Proxmox Hypervisor Monitoring with Telegraf and InfluxDB#


hifi


TL;DR This is a description of the process to install Telegraf on proxmox to collect sensor reading, smart data and metrics in InfluxDB 2.0.


Motivation Critical infrastructure needs monitoring. For the proxmox hypervisor, I wanted to monitor:

InfluxDB is well suited for this purpose. It can be directly connected to Grafana. The proxmox interface already offers the option to connect to a metric server such as InfluxDB. However, it will only send standard metrics that are available in the dashboard.

To include Smart monitoring and sensor readings, Telegraf must be installed on the proxmox host.

There are some instructions available how to do this, but I found no source that covers all required steps.

This post covers:

Not included here is the setup of InfluxDB 2.0 itself. I have installed it in a separate LXC container running debian, based on the default instructions from the docs.

Also, I run InfluxDB 2.0 behind a Nginx reverse proxy, which makes the interface available through HTTPS with Let's Encrypt SSL certs in a local subdomain. The instructions below are the same, regardless of whether InfluxDB is available through an IP or a domain name.

For the sake of completeness, see my nginx config for InfluxDB 2.0 below
server {
        listen 443 ssl http2;
        listen [::]:443 ssl http2;
        server_name influx.local.mytld.com;

        ssl      on;
        ssl_certificate     /etc/nginx/ssl/wildcard.local.mytld.com.fullchain;
        ssl_certificate_key /etc/nginx/ssl/wildcard.local.mytld.com.key;

        ssl_protocols           TLSv1.2 TLSv1.3;
        ssl_ciphers HIGH:!MEDIUM:!LOW:!aNULL:!NULL:!SHA;
        ssl_prefer_server_ciphers on;
        ssl_session_cache shared:SSL:10m;

        location / {
                proxy_pass http://localhost:8086;
                proxy_redirect off;
                proxy_http_version 1.1;
                proxy_max_temp_file_size 10m;
                proxy_connect_timeout 20;
                proxy_send_timeout 20;
                proxy_read_timeout 20;
                proxy_set_header Host $host;
                proxy_set_header Upgrade $http_upgrade;
                proxy_set_header Connection keep-alive;
                proxy_set_header X-Real-IP $remote_addr;
                proxy_set_header X-Forwarded-For $proxy_add_x_forwarded_for;
                proxy_set_header X-Forwarded-Proto http;
                proxy_set_header X-Original-For $proxy_add_x_forwarded_for;
                proxy_set_header X-Original-Proto https;
                proxy_cache_bypass $http_upgrade;
        }

}

When I go to https://influx.local.mytld.com, the InfluxDB 2.0 frontend opens.

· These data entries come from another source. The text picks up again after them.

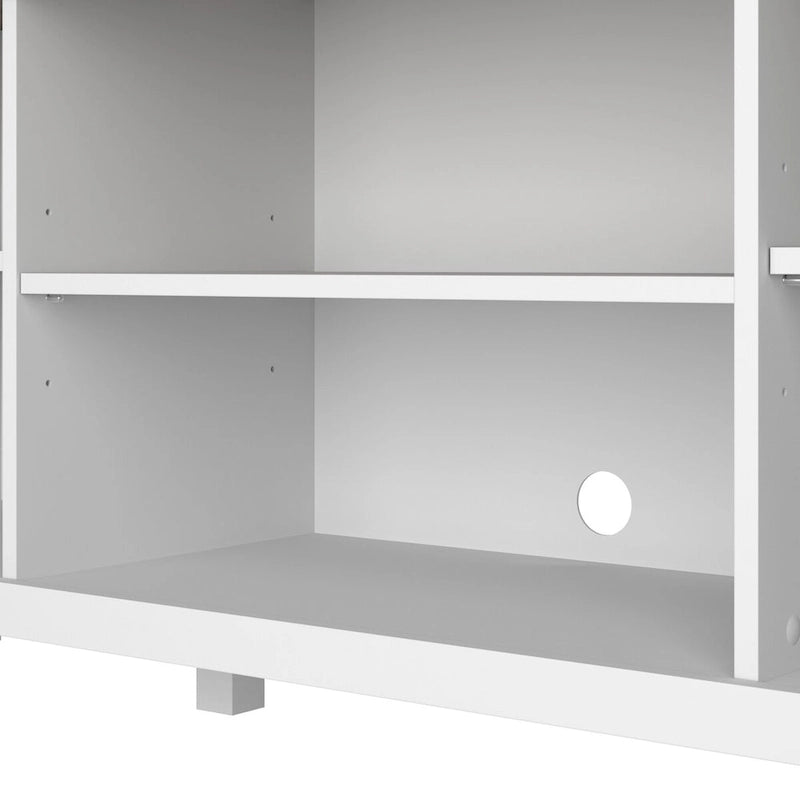 Table basse de ferme Mayfield de Bush Furniture avec tables d'appoint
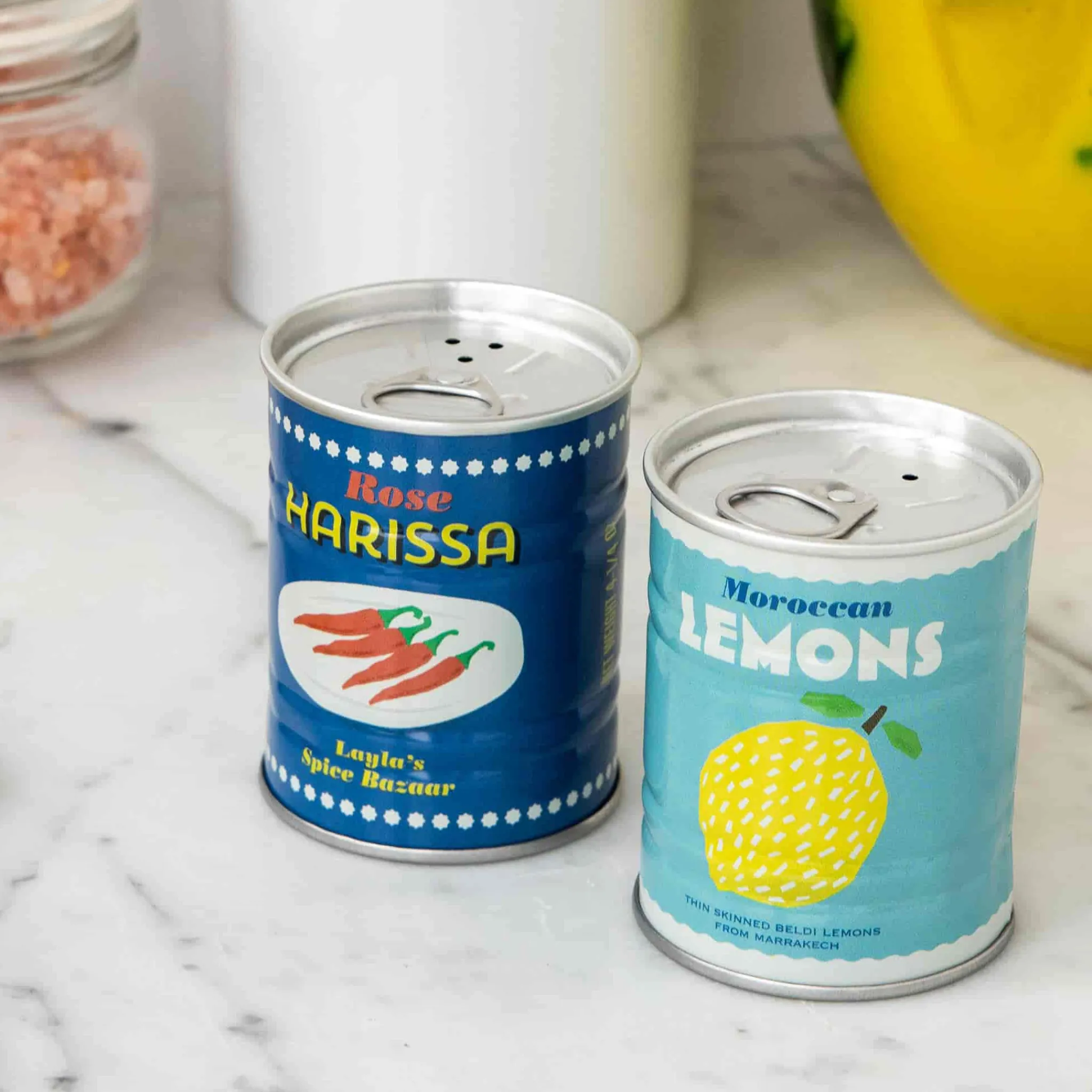 Discount Lemon & Harissa Salt & Pepper Shaker Set Table Setting|Kitchen Tools & Utensils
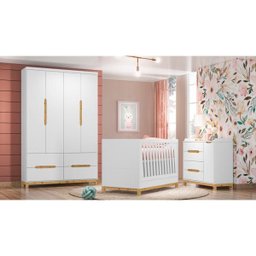 Guarda-roupa Henn Alegria - 4 Portas - Branco - (221 X 140 X 43cm) - 4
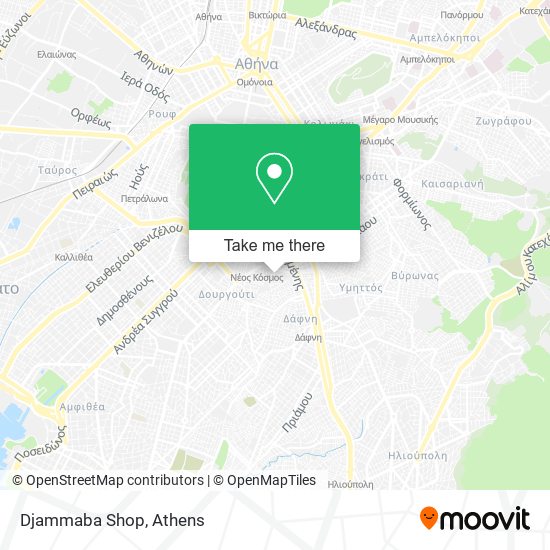 Djammaba Shop map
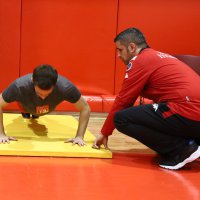 Alev savaşçısı olmak için ter döktüler 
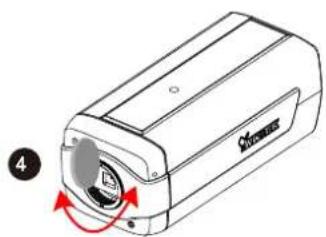 Vivotek Supreme IP8162 - Fine-tune the CS-Mount - 4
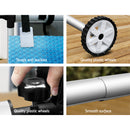 Swimming Pool Cover Roller Reel Adjustable Solar Thermal Blanket Blue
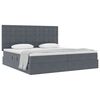vidaXL Letto con contenitore e materasso Grigio scuro 200 x 200 cm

Note that all metric collectors must be configured to use port 443 instead of 8086, and they must also have the current SSL certs available.


Redirect metric collection#

The first step is to redirect Proxmox metric collection to a local Socket that can be consumed by Telegraf.

The setting file can be found at:

/etc/pve/status.cfg

If you have anything set in the proxmox web interface, under, Datacenter > Metric Server, it will be stored in this file.

Edit the file (e.g. nano /etc/pve/status.cfg) and replace with the following lines:

influxdb: InfluxDB
   server 127.0.0.1
   port 8089

You can select any name here for the metric server, I used InfluxDB.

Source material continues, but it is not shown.